According to noises coming out of WIPO and other places in recent months (including the EPO President - see here, for example) IP, and patents in particular, have a role to play in how mankind is to deal with the apparent threat of global warming.
(right: is the solution to recycle IP? Source: jcdesignz)
According to a newsletter from law firm Sidley Austin (here), kindly forwarded to the IPKat by one of his regular readers, some possibilities for how IP rights could be affected seem to be quite radical and, to many IP owners, clearly potentially worrying. Proposals that have been put forward by China and India (among others) to the UN body UNFCCC include the following:
- Excluding "climate-friendly" technologies from patentability [clearly quite different from the 'Green Channel' now in action in the UK], including the possibility of revoking existing patents;
- Mandating technology pools for licensing green technology freely or cheaply [the IPKat fails to see how the free option is effectively any different from the first proposal];
- Mandating or encouraging compulsory licensing for particular green technologies;
- Reinterpreting international agreements on IP and climate change; and
- Establishing a new international body to address technology transfer, including IP issues.
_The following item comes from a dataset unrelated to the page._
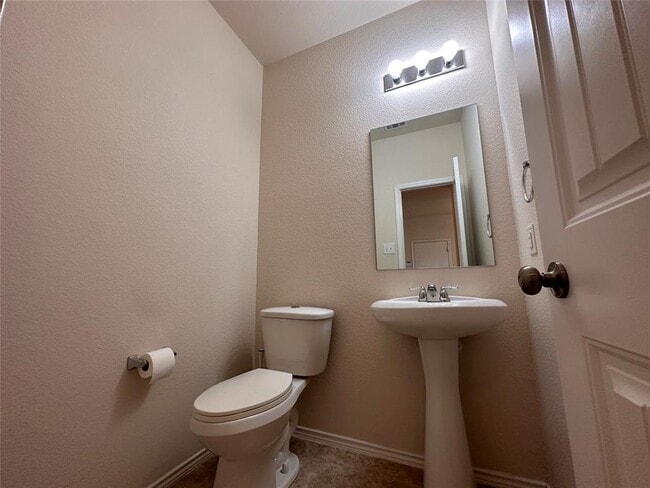 Building Photo - 148 Ammonite Ln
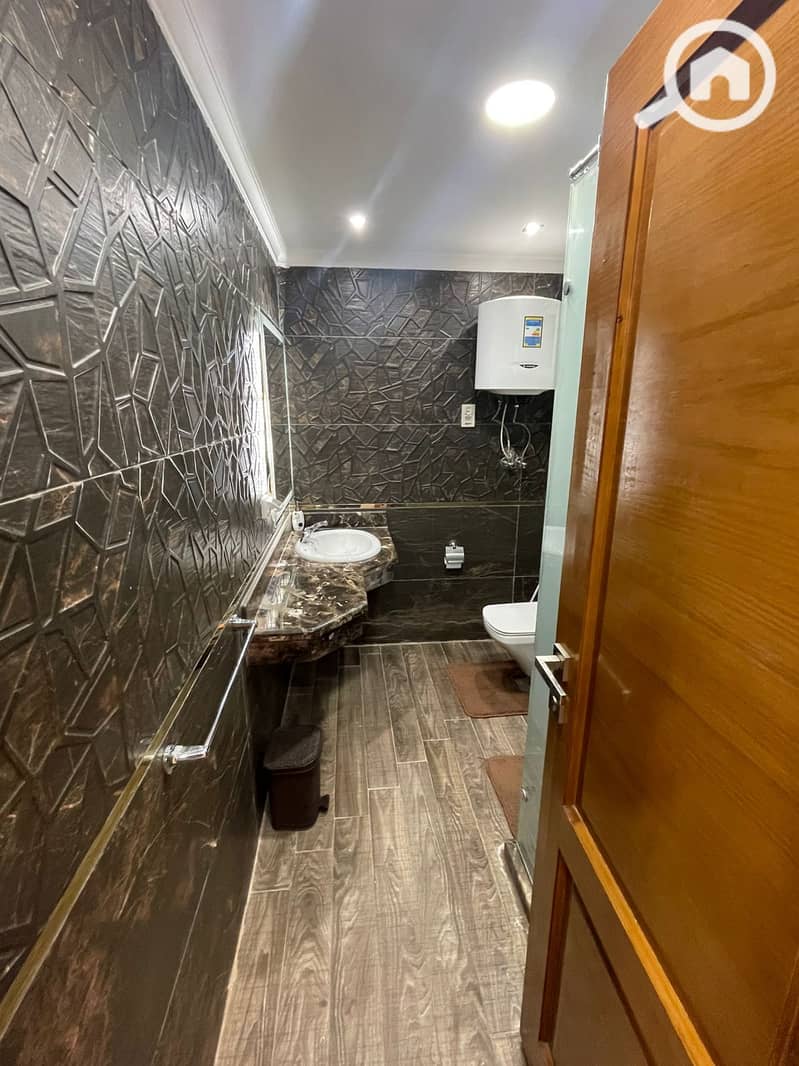 9 WhatsApp Image 2025-11-06 at 6.01. 14 PM. jpeg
The IPKat would, however, like to offer a third view, which is one that appears to be shared at least in part by one commenter in this year's WIPO magazine special on climate change and IP (see here). This view is that IP has very little, or possibly absolutely nothing, to do with global warming, and (this is where the IPKat is taking the point to its logical conclusion) that any tinkering of the kind suggested by the proposals above is very likely to cause more harm than good. In this Kat's view, applicants should instead be left to get on with trying to patent what they see as important, and the market (perhaps with government assistance in deciding which technologies to help out) should be left to sort out which of these is actually important and will prosper. This is presumably not a view that would be shared by those at WIPO and the UNFCCC, who would have to find better things to do with their time than fly round the world (emitting lots of carbon dioxide in the process) to meet and discuss this apparently pressing issue.
The Sidley newsletter also expresses an opinion about this matter, which the IPKat would tend to agree with:
"These discussions [at WIPO, UNFCCC and elsewhere] are highly charged and may reconfigure the international legal framework in a way that undermines the vital intellectual property rights of innovative industries and puts jobs and investments at risk. Innovative companies with valuable intellectual property should work with governments, international organizations, and like-minded stakeholders to influence the outcome of these deliberations in an appropriate manner. Each of the meetings on the road to [the climate change conference in] Copenhagen offers an opportunity for building consensus and influencing the process. There is a need for solutions that can preserve valuable intellectual property, provide sustainable incentives for the development of climate-related technologies, and facilitate the diffusion of climate-related technologies around the world."The IPKat, who can see why such discussions would be highly charged given the combination of two currently highly contentious issues of global warming and IP, would like to suggest that now might be the time for those interested in developing patentable technologies that have anything to do with global warming start to make their voices heard.
PS: A discussion paper from an Indian thinktank on the issue can be read here. The IPKat thanks the author for informing him.